Crawled caption data –
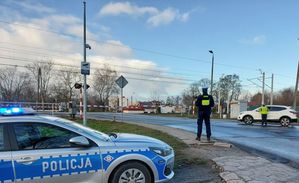 policjanci w rejonie przejazdu kolejowego wręczają kierowcom ulotki, w tle radiowóz.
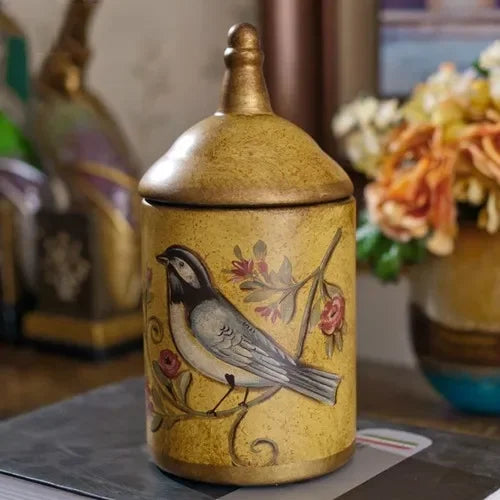 Decorative jar with a bird design on a table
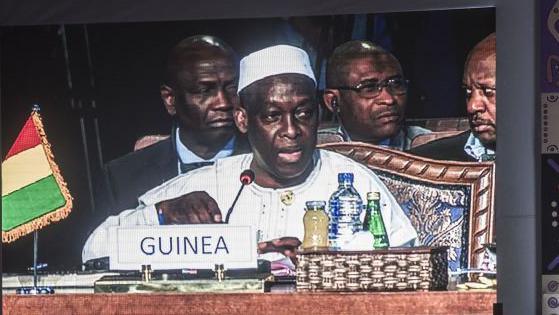 Guinea's former Minister of Defence Mohamed  Diané wearing a white robe and cap, is seen on a giant screen speaking to a microphone. He is flanked by other people behind him during the closing session of a conference gathering defence ministers and officials of 27 African and Arab countries on 25 March, 2016 in Egypt's Red Sea resort town of Sharm el-Sheikh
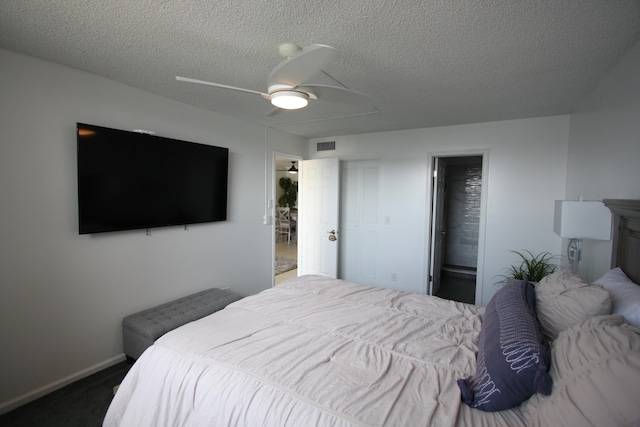 bedroom with ensuite bath, carpet, ceiling fan, and a textured ceiling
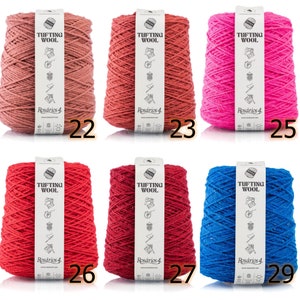 May include: Six spools of yarn in various colors, including pink, red, blue, and brown. Each spool is labeled "Tufting Wool" and "Ros&aacute;rios 4."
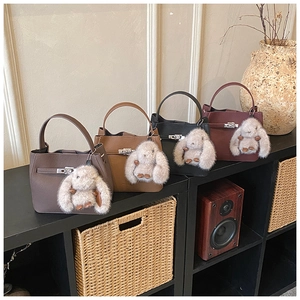 Retro bucket bags in four colors featuring a metal lock and plush rabbit pendant decor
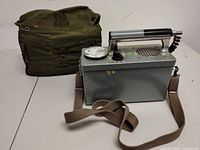 Geiger counter with strap alongside green canvas US-marked carry bag
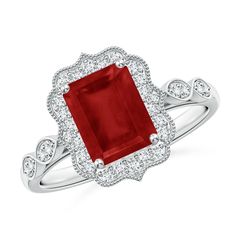 an engagement ring with a red stone surrounded by diamonds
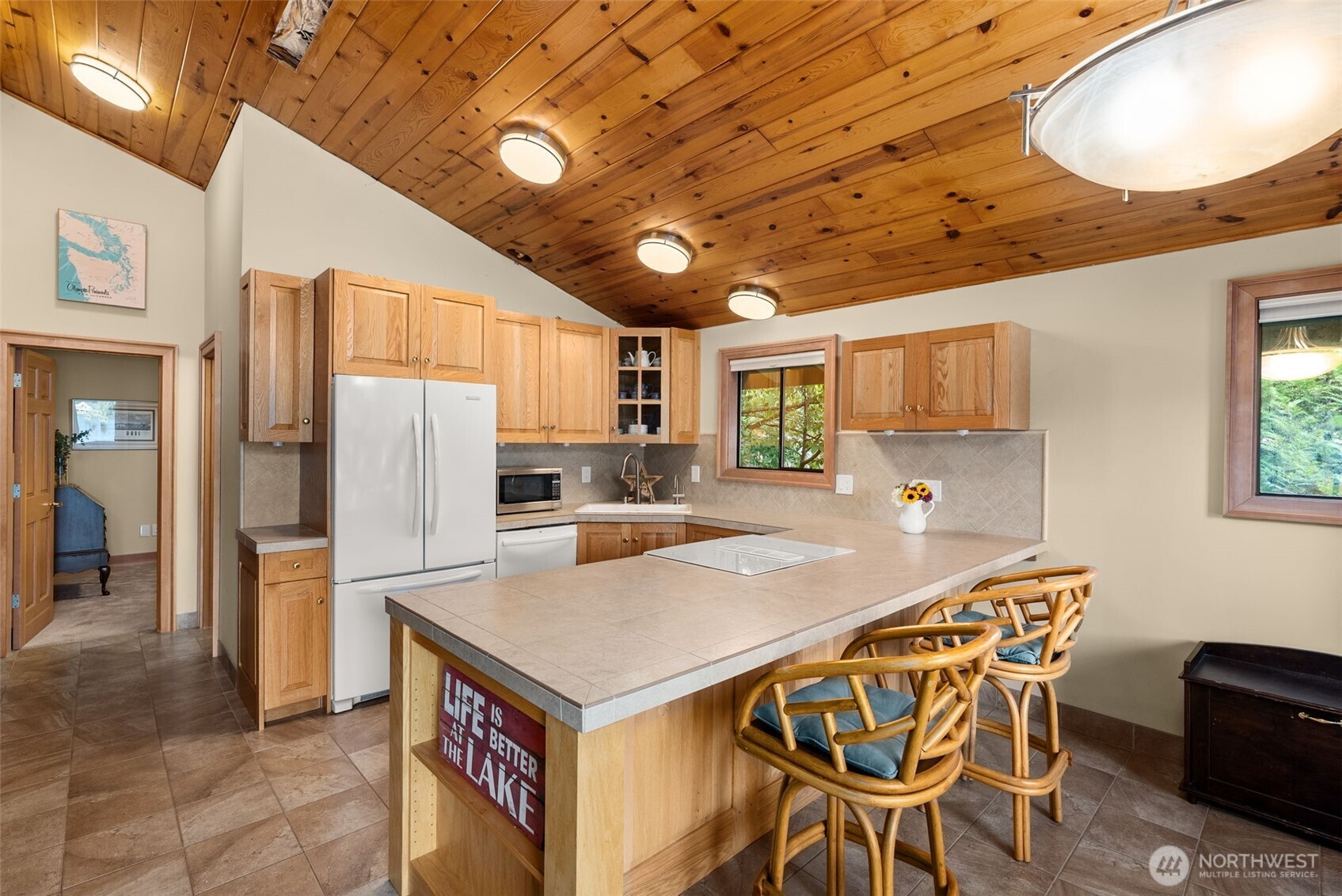 2147 Summit Lake Shore Road Northwest Olympia, WA 98502 - Photo 19 of 38 a kitchen with stainless steel appliances granite countertop a dining table chairs refrigerator and cabinets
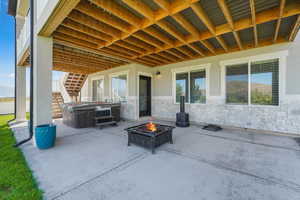 View of patio with an outdoor fire pit, stairway, and a hot tub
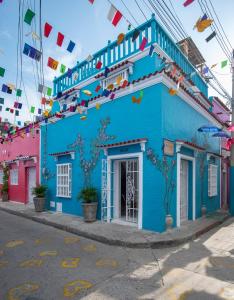 een blauw gebouw aan de straatkant bij La Casita Azul Cozy Colonial House at Centro Historico with Rooftop and Jacuzzi in Cartagena
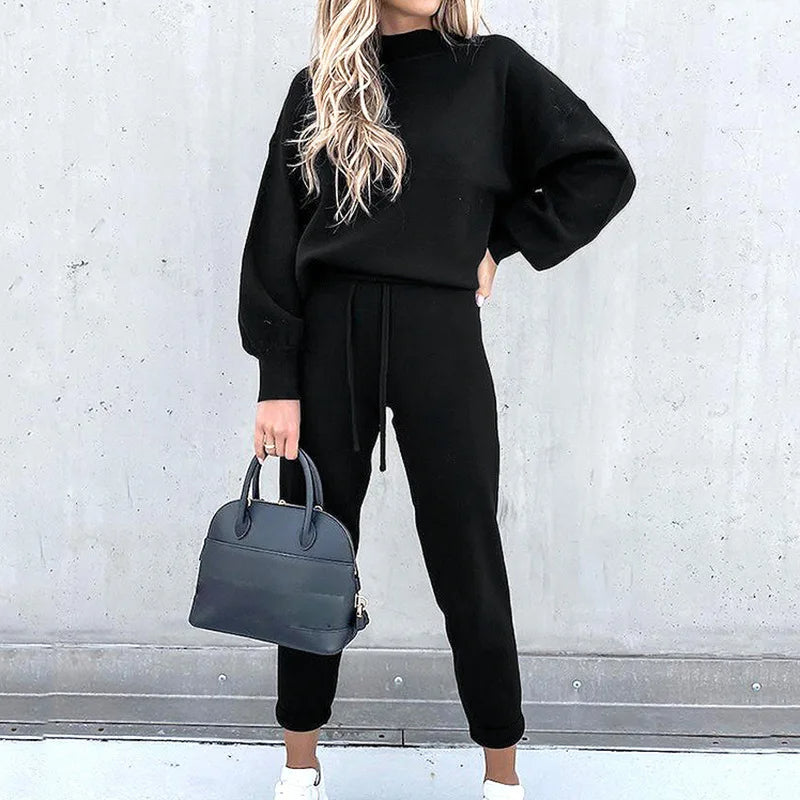 Women's cozy two-piece tracksuit in soft fabric, perfect for loungewear & ultimate comfort.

TASK – Restate, word for word, each line from the one with "Retro bucket bags" to the end of the entries, both included, and keep every picture out.

WRITTEN RESPONSE –
 Retro bucket bags in four colors featuring a metal lock and plush rabbit pendant decor
 Geiger counter with strap alongside green canvas US-marked carry bag
 an engagement ring with a red stone surrounded by diamonds
 2147 Summit Lake Shore Road Northwest Olympia, WA 98502 - Photo 19 of 38 a kitchen with stainless steel appliances granite countertop a dining table chairs refrigerator and cabinets
 View of patio with an outdoor fire pit, stairway, and a hot tub
 een blauw gebouw aan de straatkant bij La Casita Azul Cozy Colonial House at Centro Historico with Rooftop and Jacuzzi in Cartagena
 Women's cozy two-piece tracksuit in soft fabric, perfect for loungewear & ultimate comfort.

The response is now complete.